··· DATA BLOCK

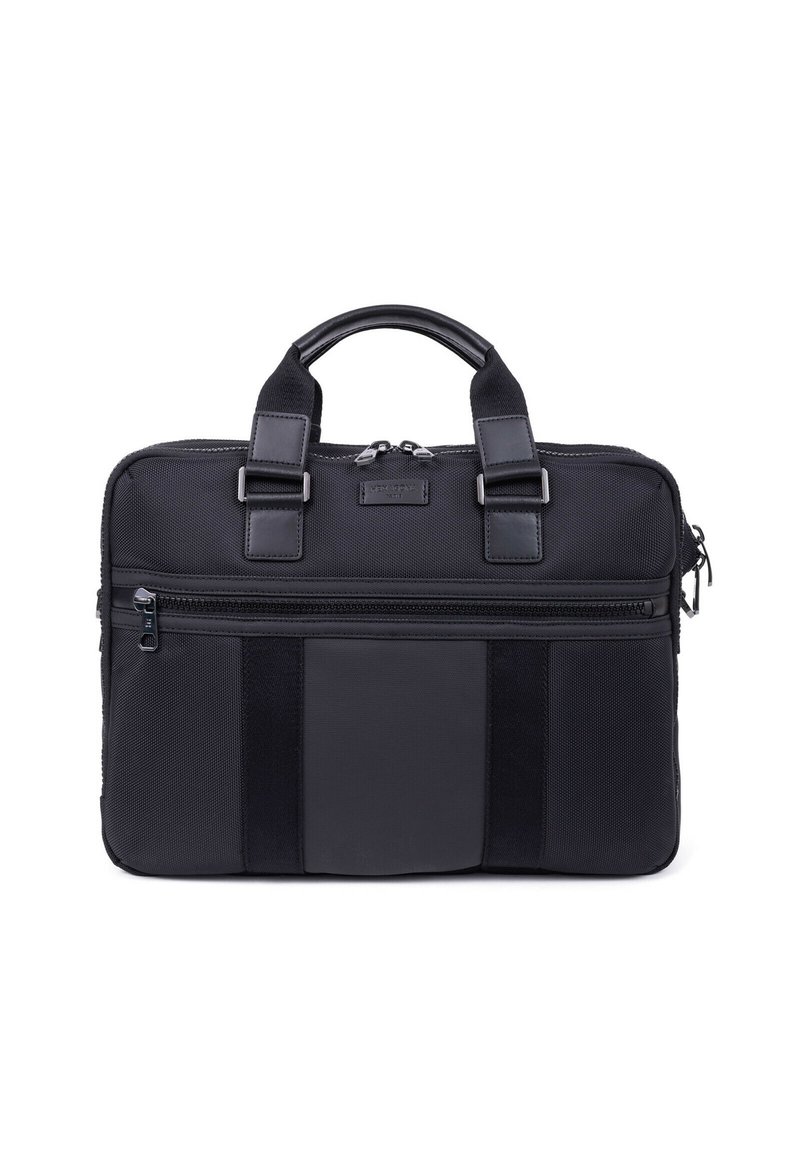 Borsa per laptop nera in tessuto nylon testurizzato, con dettagli in pelle, doppi manici e una tasca frontale con zip. Design compatto e rettangolare.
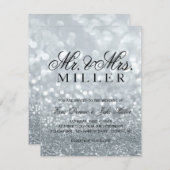 Faire-part de mariage - Argent Glit Fab (Devant / Derrière)
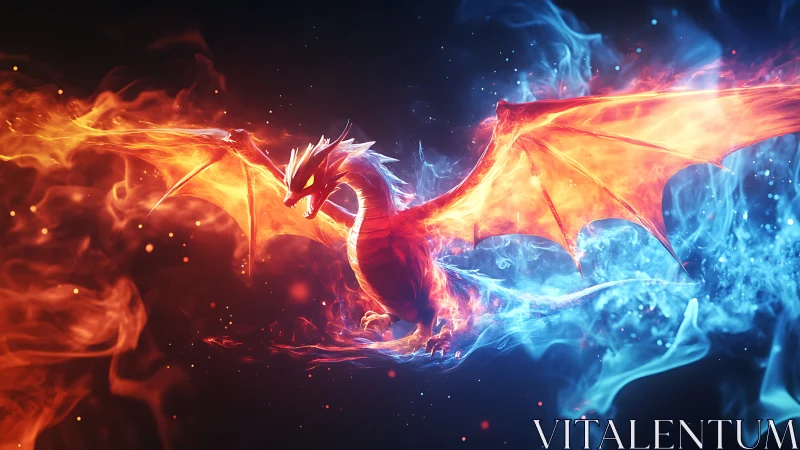 Fire and ice dragon spreads glowing wings in midair.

······

> ASSIGNED TASK
Exclude the images and reproduce the remaining data exactly.

> REPLY
 Borsa per laptop nera in tessuto nylon testurizzato, con dettagli in pelle, doppi manici e una tasca frontale con zip. Design compatto e rettangolare.
 Faire-part de mariage - Argent Glit Fab (Devant / Derrière)
 Fire and ice dragon spreads glowing wings in midair.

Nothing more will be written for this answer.